* Exercise objective:
The lines below, from the one holding "File:NeedfulThings poster.png" through the final line, are to be copied exactly, with no other lines and no pictures.

[Data extracted from a collection]
::::::::::
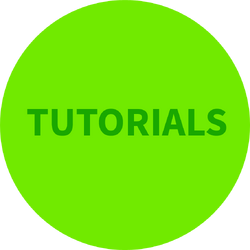 FHelpTutorials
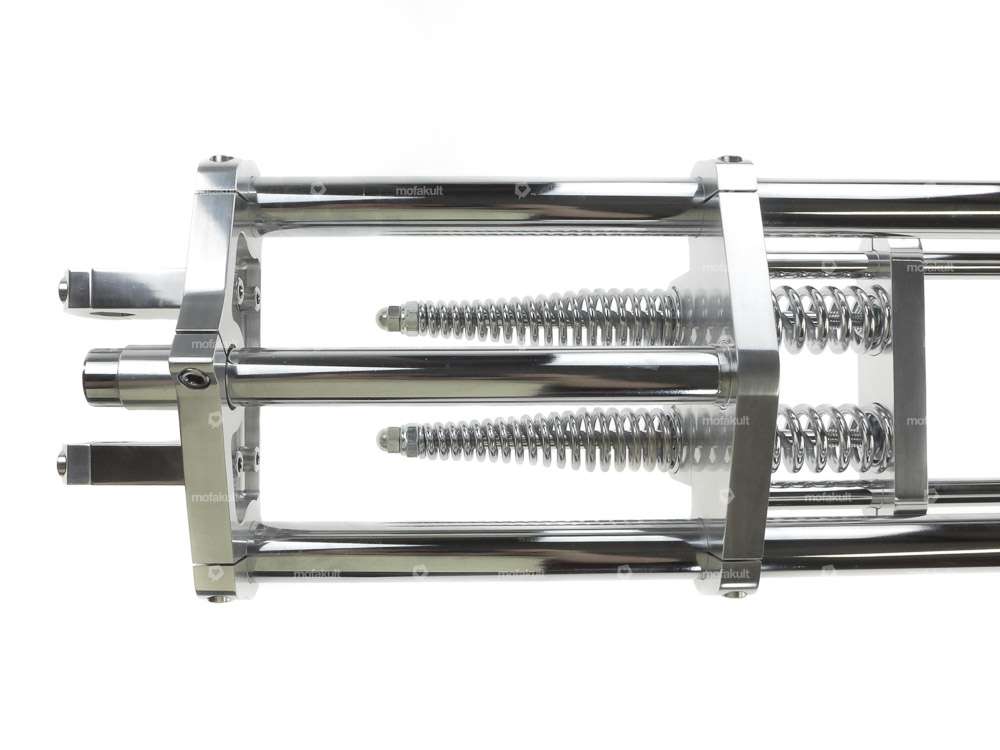 Fourche de sauteur Badass Custom Carousel Image 5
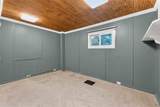 1438 Newport Road - Photo 17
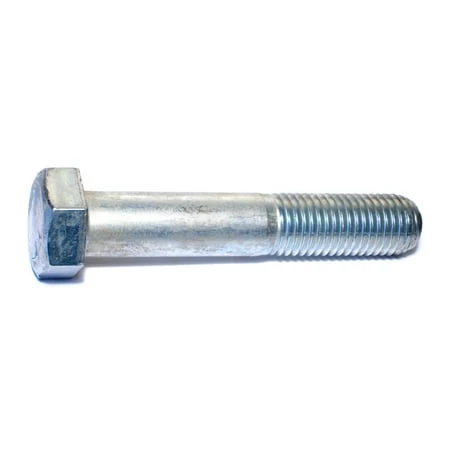 helmshardware5068007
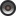 карцентр.рф favicon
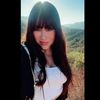 nadyamichelle24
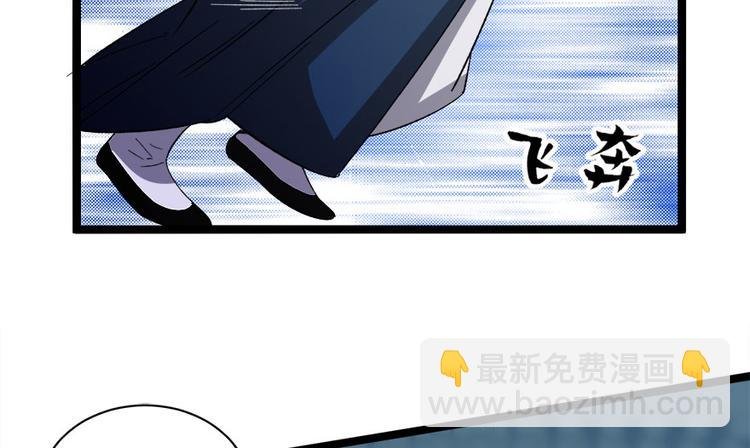 第二十五话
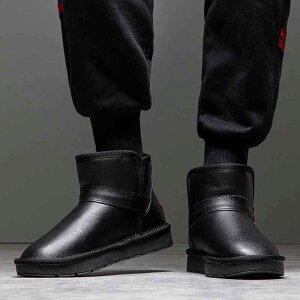 nC jp h ? U[ V[gu[c Xm[u[c ~ 4E L b {v H~ ubN uE 傫TCY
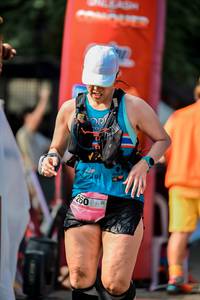 BIB: 
                            <button type="button" onclick="openModal(25175672)" class="btn btn-primary btn-sm float-right btn-popup" data-toggle="modal" data-target=".modal-high-quality">
                        <i class="fas fa-shopping-cart"></i> Add to Cart
                    </button>
                                            <button type="button" onclick="isThisMe(25175672, true)" class="btn btn-success btn-sm float-right btn-popup btn-isme hidden" data-toggle="tooltip" data-placement="bottom" title="นี่คือรูปของคุณใช่ไหม คลิกที่นี่เพื่อเอาเข้าอัลบั้ม">
                        <i class="fas fa-plus"></i> Add to album
                    </button>
                    <button type="button" onclick="isThisMe(25175672, false)" class="btn btn-warning btn-sm float-right btn-popup btn-isnotme hidden">
                        <i class="fas fa-ban"></i> Remove from album
                    </button>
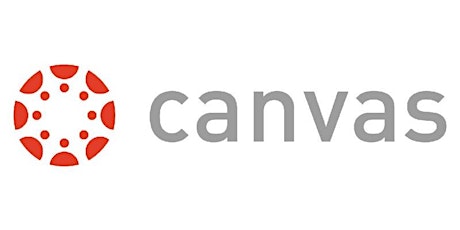 Getting To Know Canvas (On Campus) primary image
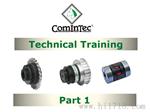 意大利原装进口COMINTEC扭力限制器、扭矩限制器、安全联轴器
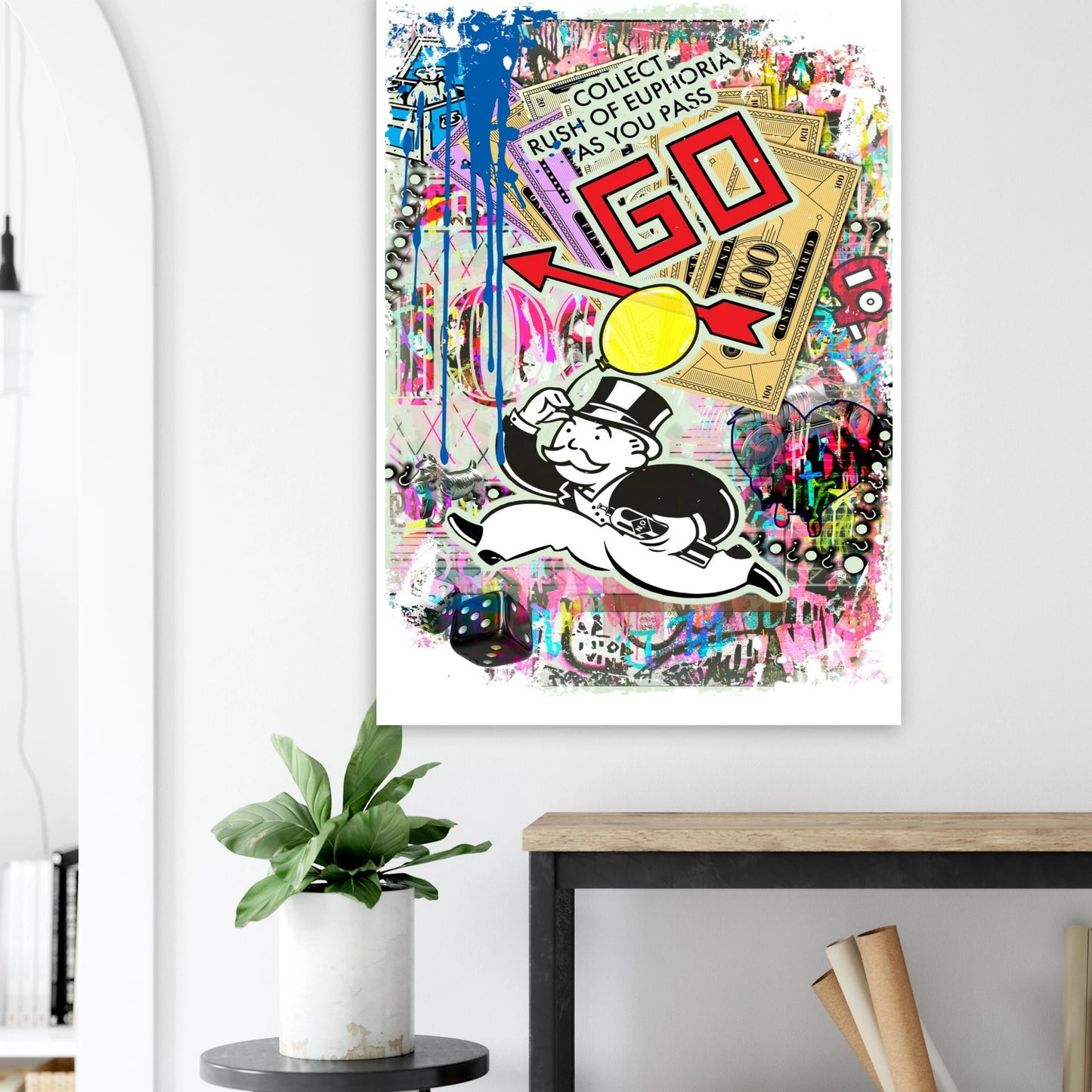 bcb1323b-3cf3-40bb-87e8-fb742c55a837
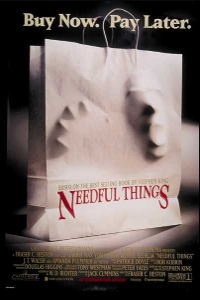 File:NeedfulThings poster.png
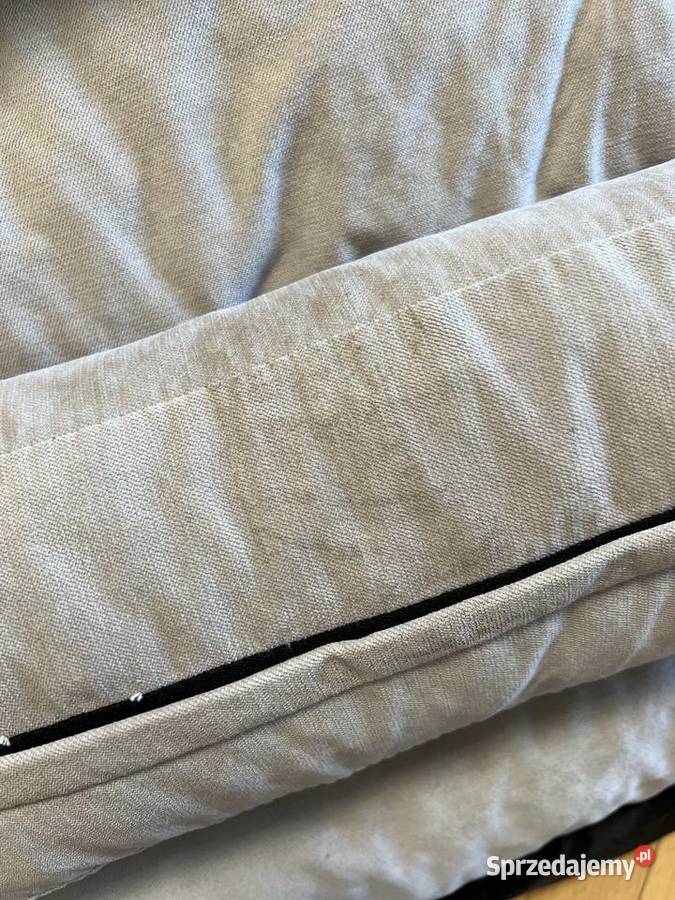 Rozkładana kanapa Sofy i kanapy Kraków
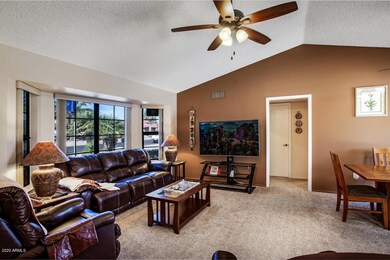 13825 West Springdale Drive 5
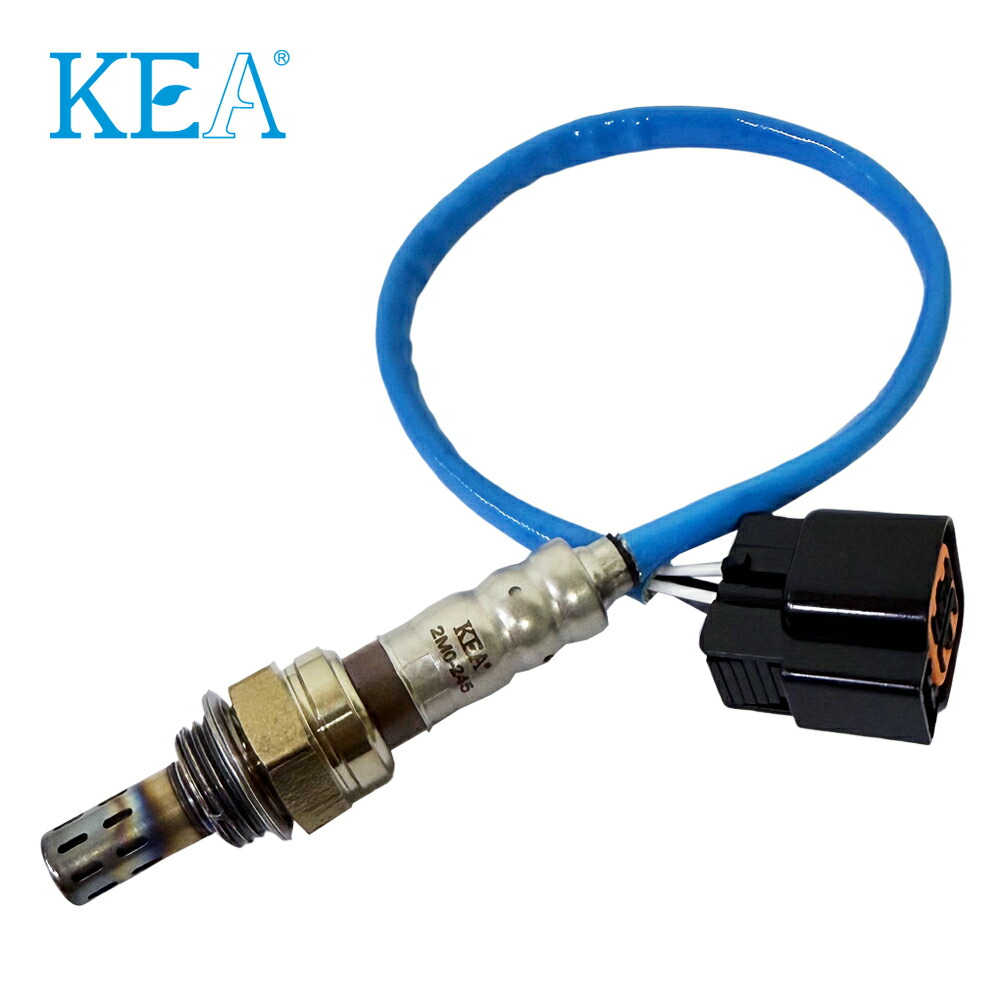 KEA O2センサー 2M0-245 シャリオグランディス N84W N96W MD365009｜関西エコ・アープ　店
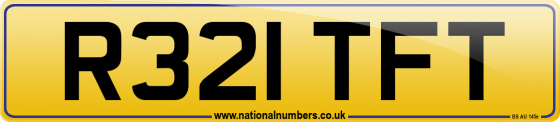 R321 TFT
::::::::::
* Exercise solution:
 File:NeedfulThings poster.png
 Rozkładana kanapa Sofy i kanapy Kraków
 13825 West Springdale Drive 5
 KEA O2センサー 2M0-245 シャリオグランディス N84W N96W MD365009｜関西エコ・アープ　店
 R321 TFT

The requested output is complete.